PROBLEM DETAILS>
Using the records below, write out only the lines from the line containing "Camión de distribución" up to and including the line containing "Gloversville, NY 12078,47 Temple Street", exactly, with no pictures.

INPUT RECORDS>
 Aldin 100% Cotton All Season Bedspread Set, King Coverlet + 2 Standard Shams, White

---

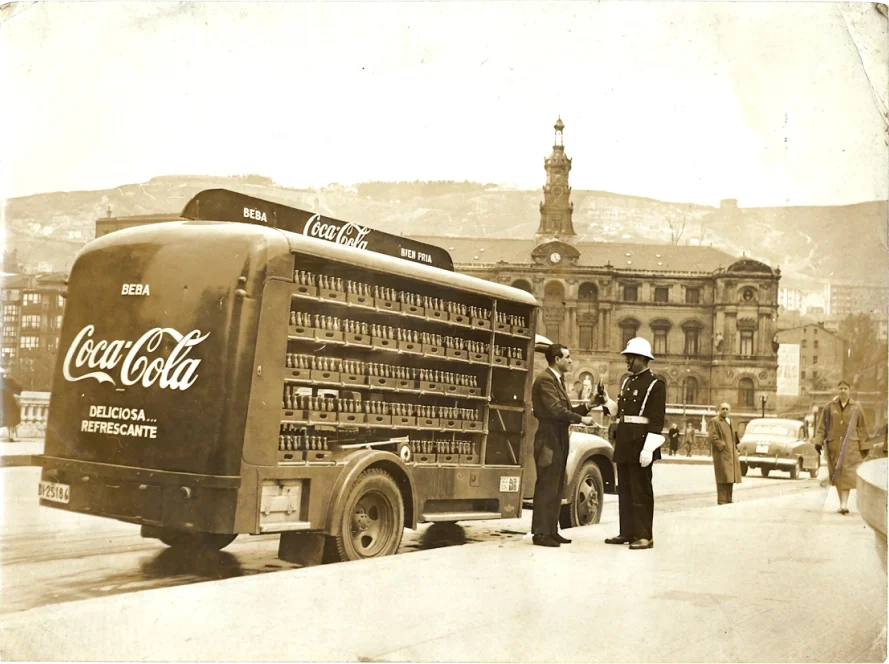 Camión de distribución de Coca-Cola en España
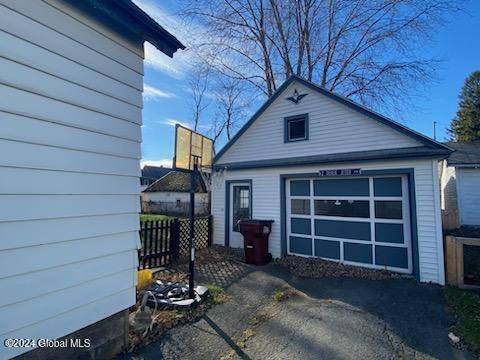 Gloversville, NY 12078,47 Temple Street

RESPONSE BELOW>
 Camión de distribución de Coca-Cola en España
 Gloversville, NY 12078,47 Temple Street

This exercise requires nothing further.